Cast iron is difficult to work on and there were three deep cracks that needed to be ground out. I had the tow workmen position the forklift so as to support the first piece and take the strain off the metal. I set up the torch as close as I dared and left the truck outside the big doors. Cast iron needs higher heat than mild steel and only the torch can reach that temperature level for welding. On the other hand, I could bronze weld instead, it would hold and less chance of putting more cracks in the cast iron. I tell you, this job is as much art as it is craft. By noon the machine was ready to go, so I told one of the men to go get John. Fifteen minutes later three men were operating that machine and the noise level became higher.
On to the next machine. This would be a lot of clean up but it was very close quarter work. True, you can arc weld dirty steel but you can’t guarantee your work and Consolidated was paying for ‘good enough’ work. By six that evening I was too tired to continue and my body was aching from all the twisting and turning and odd positions. Not to mention that I was dirty and greasy, my coveralls needed washing as did my welding jacket. But mostly, I was very hungry and in need of a decent meal, so I headed over to El Lobo to enjoy a couple of enchiladas and a beer. As agreed I would return at six in the morning and finish the work. With any luck I’d be done by noon and have my check in hand with a nice bonus.

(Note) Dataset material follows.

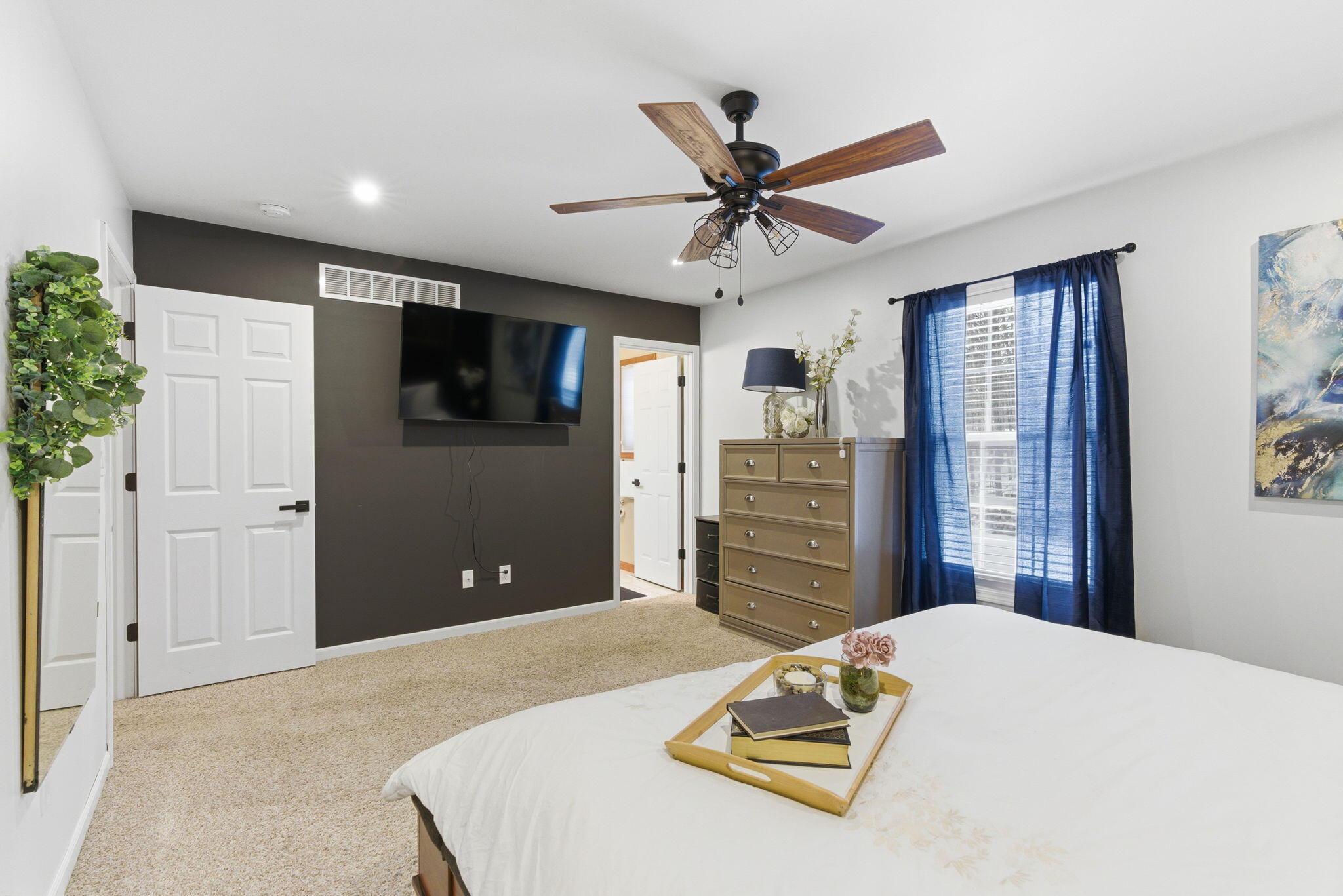 2726 North Goldring Road La Porte, IN 46350 - Photo 12 of 34 a bed room with a bed and a television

So now I’ve been working since six this next morning and the noon hour is fast approaching. About another hour of work and John will look like a hero to the old man who owns this company. Clean up always takes more time than it looks but the Lincoln welder and generator need a little cleaning and maintenance. Dirty clothes go into a bag I’ll drop off at the cleaners and I’ll spend the rest of the day restocking my truck. It’s two and I’m climbing the stairs to Estelle’s office. I must look a sight as I walk in and she notices my presence. “Hello Mike, John says he is very pleased with your work.” “Estelle, I am always pleased that John calls me when Consolidated needs repair work.” “By the way, Mr Morely was very pleased with the speed of your repair, he said to give you a bonus.” “Actually, Estelle, I have hope that the bonus would be dinner with you Friday night.” I don’t know what came over me but there it was, out in the open and I was taking a chance on rejection. Her face blushed a little and then she wrote something on a business card, it was her address. “I’d love to Mike, where are we going?”